[Opening Provided entries section]
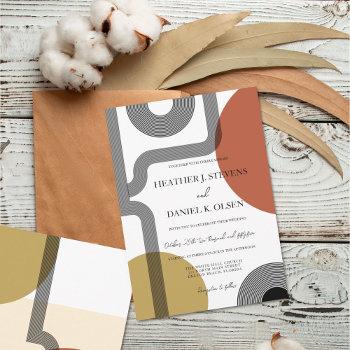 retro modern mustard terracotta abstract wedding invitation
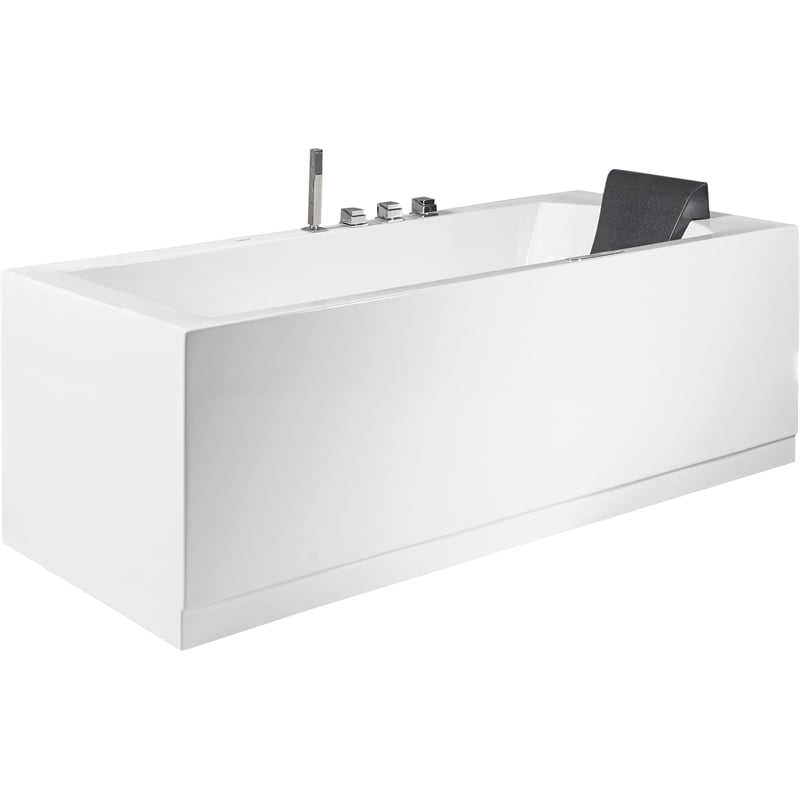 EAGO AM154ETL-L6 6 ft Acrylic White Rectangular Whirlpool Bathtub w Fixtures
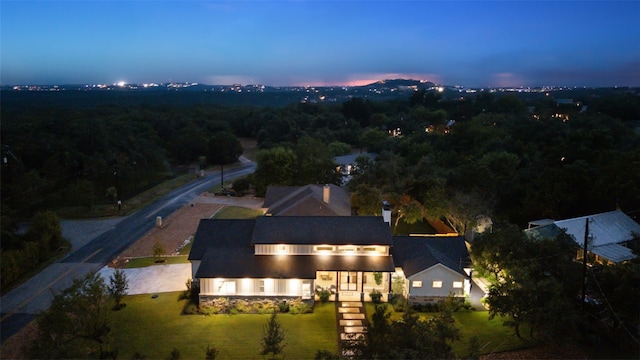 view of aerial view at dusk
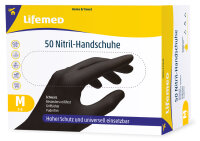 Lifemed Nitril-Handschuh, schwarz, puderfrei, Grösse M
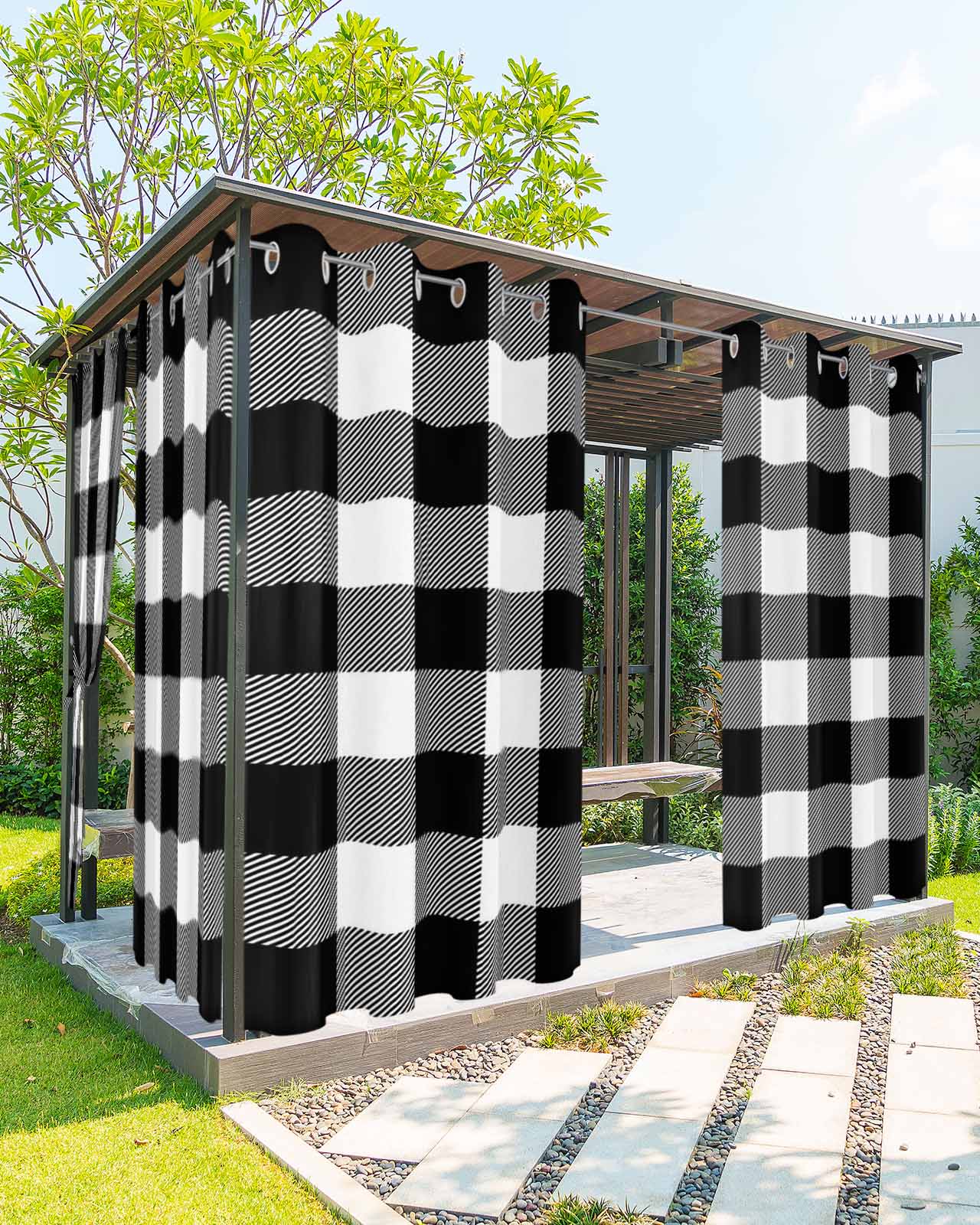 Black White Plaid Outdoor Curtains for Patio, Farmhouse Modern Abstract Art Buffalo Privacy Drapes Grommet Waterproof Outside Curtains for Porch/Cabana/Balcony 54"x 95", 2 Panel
[Closing Provided entries section]
[Opening Provided entries section]
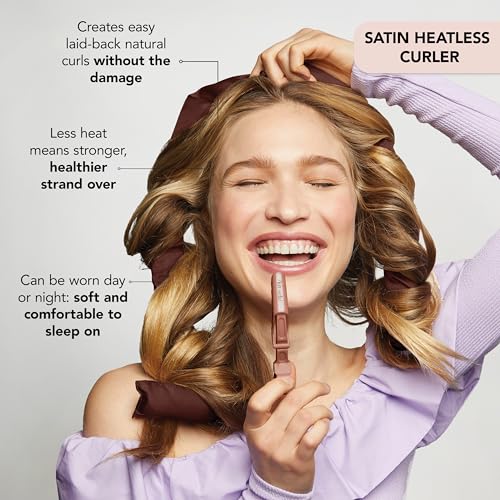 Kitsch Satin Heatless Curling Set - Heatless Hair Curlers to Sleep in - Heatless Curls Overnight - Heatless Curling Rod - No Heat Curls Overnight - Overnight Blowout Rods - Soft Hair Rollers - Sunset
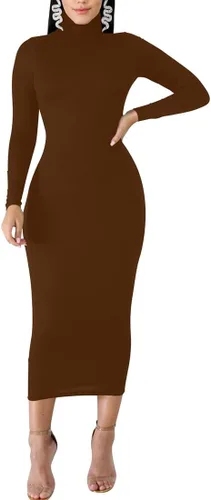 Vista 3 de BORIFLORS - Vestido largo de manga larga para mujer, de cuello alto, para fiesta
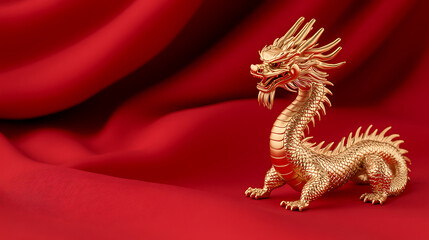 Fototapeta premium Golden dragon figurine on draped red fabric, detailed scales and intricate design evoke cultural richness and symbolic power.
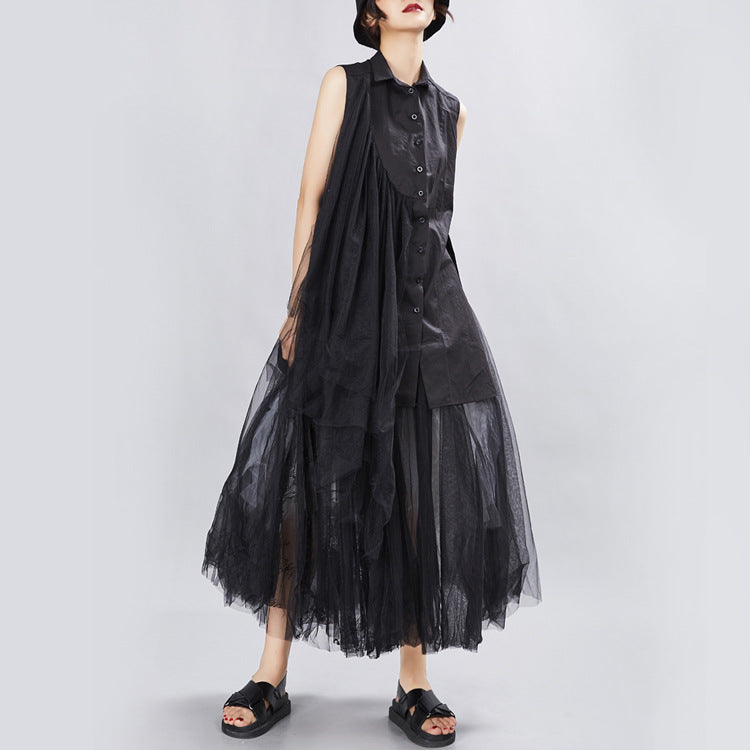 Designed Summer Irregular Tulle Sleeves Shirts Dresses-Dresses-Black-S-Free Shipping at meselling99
[Closing Provided entries section]
- Directions for this task: Your answer should consist of the lines above between those holding "Kitsch Satin Heatless" and "Designed Summer Irregular", inclusive, reproduced word for word and without pictures.

- Exercise answer:
 Kitsch Satin Heatless Curling Set - Heatless Hair Curlers to Sleep in - Heatless Curls Overnight - Heatless Curling Rod - No Heat Curls Overnight - Overnight Blowout Rods - Soft Hair Rollers - Sunset
 Vista 3 de BORIFLORS - Vestido largo de manga larga para mujer, de cuello alto, para fiesta
 Fototapeta premium Golden dragon figurine on draped red fabric, detailed scales and intricate design evoke cultural richness and symbolic power.
 Designed Summer Irregular Tulle Sleeves Shirts Dresses-Dresses-Black-S-Free Shipping at meselling99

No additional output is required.